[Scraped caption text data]
..............................
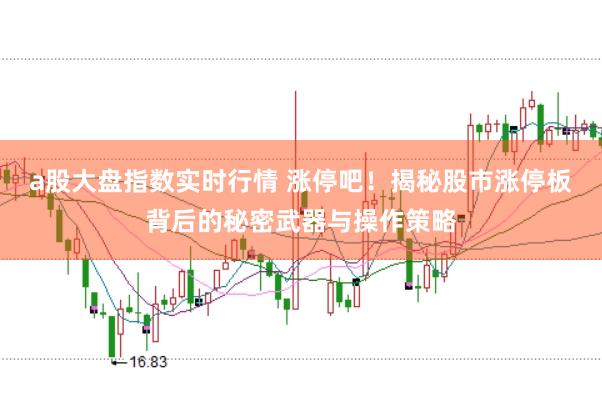 a股大盘指数实时行情 涨停吧！揭秘股市涨停板背后的秘密武器与操作策略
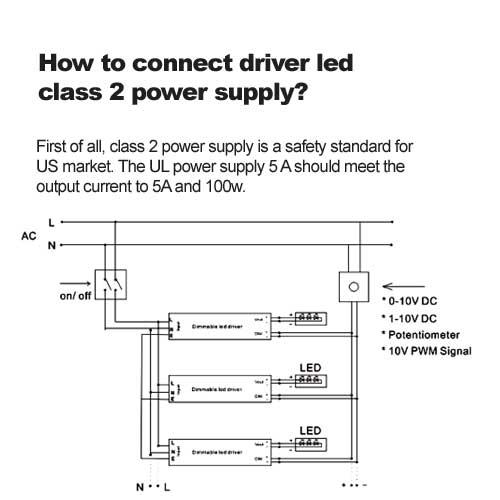 Wie schließe ich ein Netzteil der Treiber-LED-Klasse 2 an?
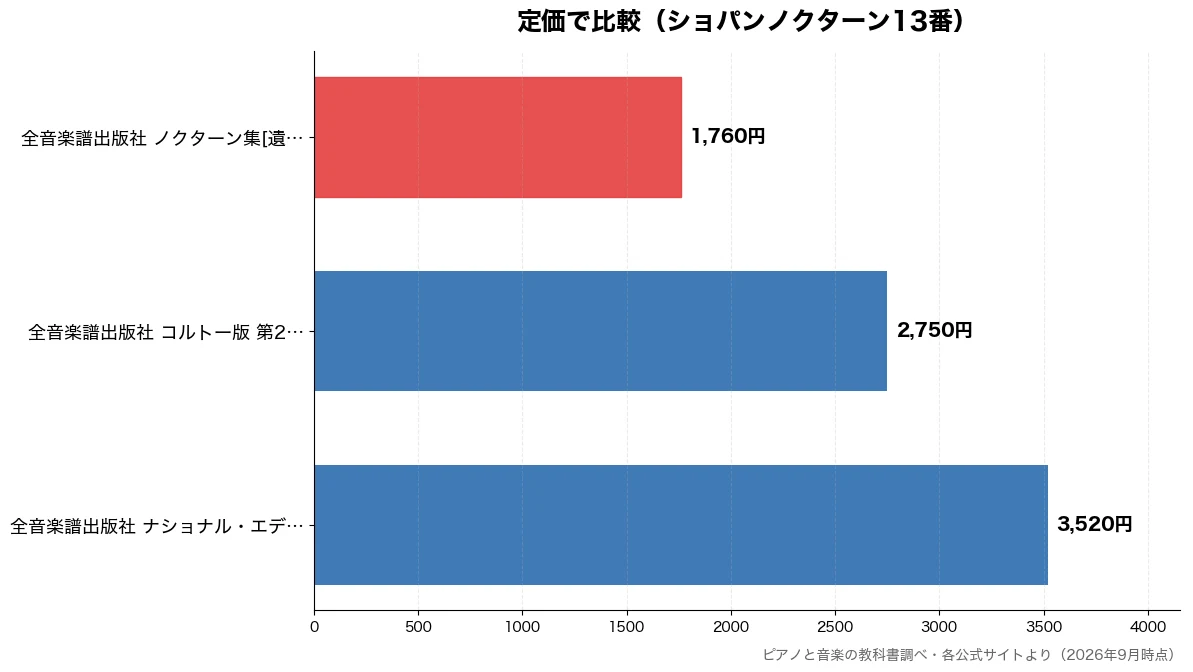 定価の比較チャート（全音楽譜出版社 ノクター 1,760円・全音楽譜出版社 コルトー 2,750円・全音楽譜出版社 ナショナ 3,520円）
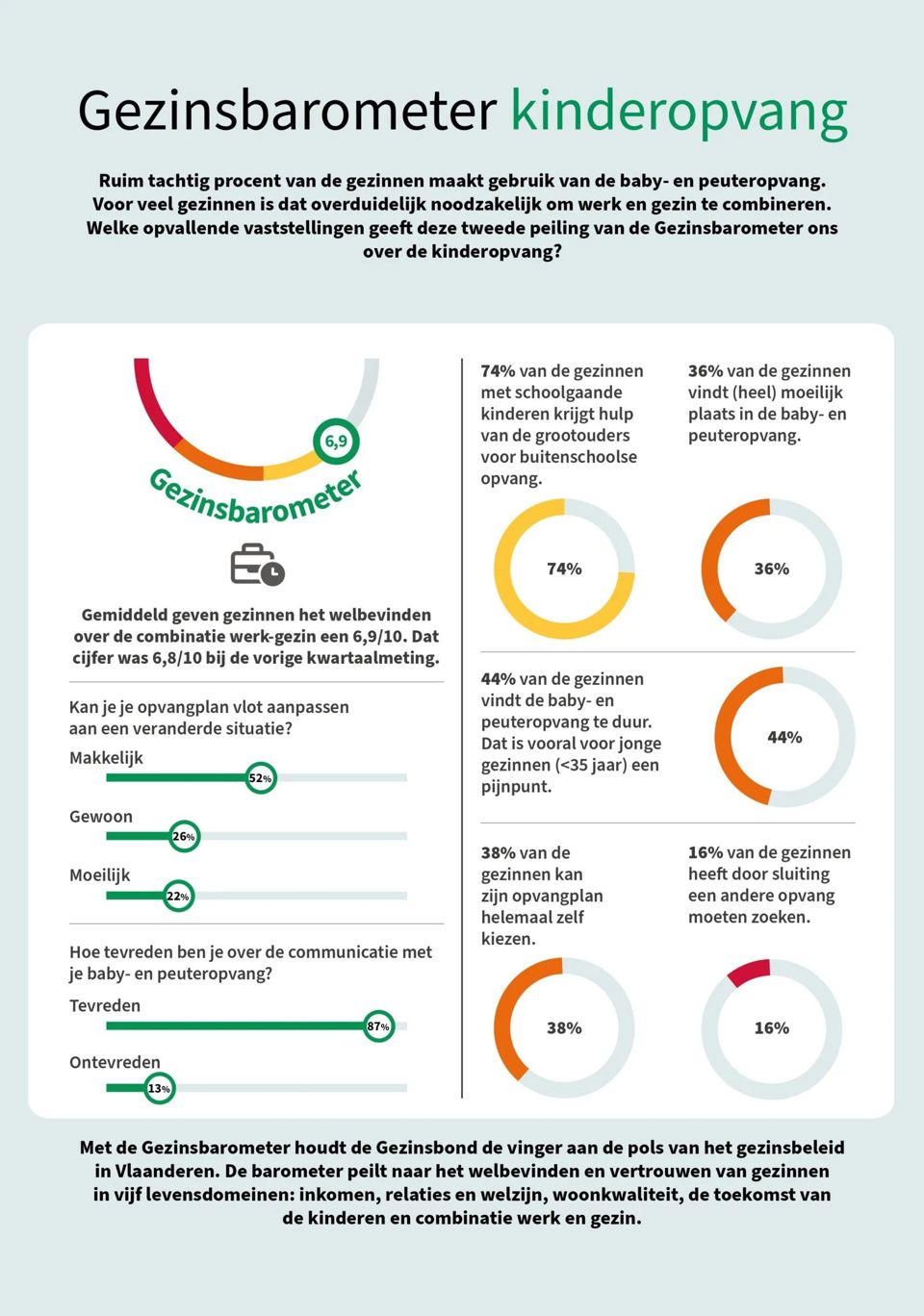 Infographic: Wat zegt de Gezinsbarometer over de kinderopvang?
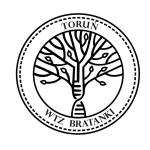 logo Warsztat Terapii Zajęciowej "BRATANKI" Fundacji Brata Alberta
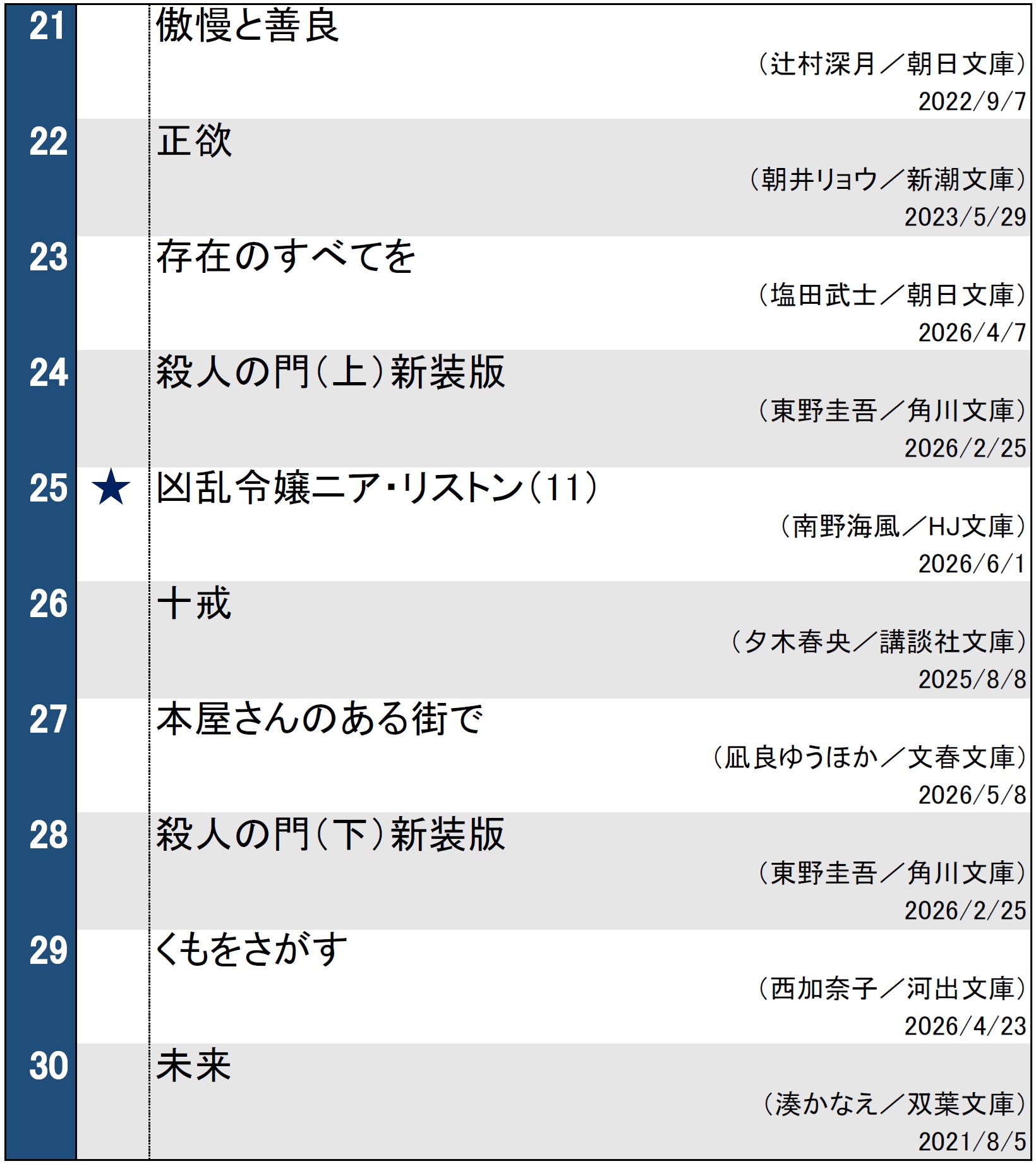 文庫ランキング
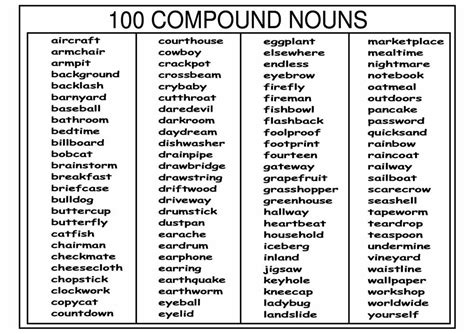 100 Compound Nouns - Vocabulary Home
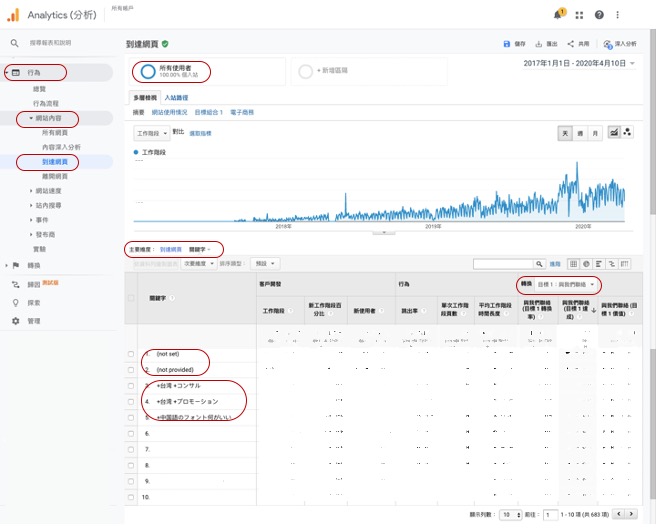 查詢關鍵字 in SEO文章寫一堆轉換卻不成正比!3 方法檢查你 SEO 文章寫對沒?
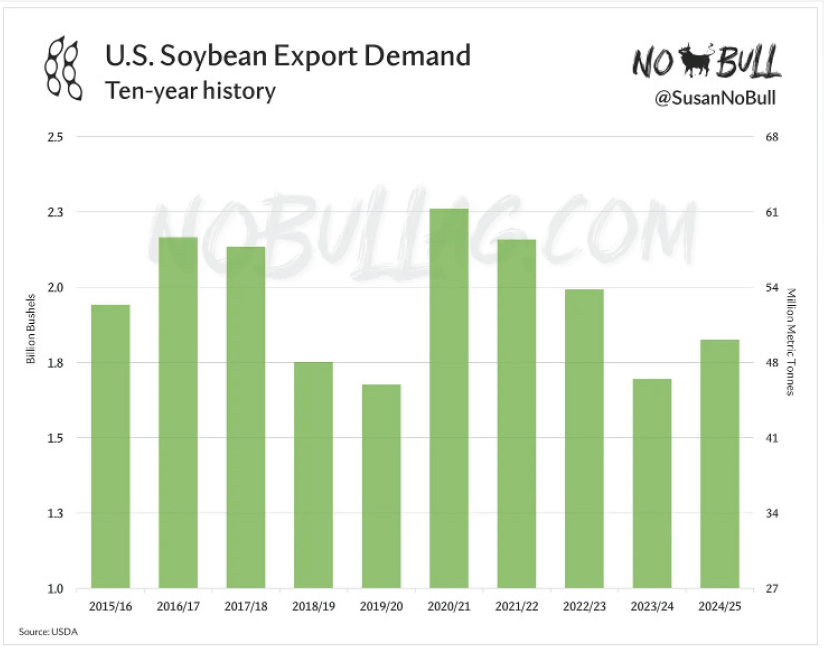 Bar chart showing U.S. soybean export demand from 2015/16 to 2024/25. Export levels peaked in 2020/21 and have declined in recent years, with 2024/25 projected higher than 2023/24 but below the 10-year average. Source: USDA via NoBullAg.com.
..............................
Output exactly the lines above, beginning at the one with "定価の比較チャート（全音楽譜出版社 ノクター 1,760円・全音楽譜出版社" and stopping after the one with "查詢關鍵字 in SEO文章寫一堆轉換卻不成正比!3 方法檢查你 SEO 文章寫對沒?". Pictures are to be omitted.

 定価の比較チャート（全音楽譜出版社 ノクター 1,760円・全音楽譜出版社 コルトー 2,750円・全音楽譜出版社 ナショナ 3,520円）
 Infographic: Wat zegt de Gezinsbarometer over de kinderopvang?
 logo Warsztat Terapii Zajęciowej "BRATANKI" Fundacji Brata Alberta
 文庫ランキング
 100 Compound Nouns - Vocabulary Home
 查詢關鍵字 in SEO文章寫一堆轉換卻不成正比!3 方法檢查你 SEO 文章寫對沒?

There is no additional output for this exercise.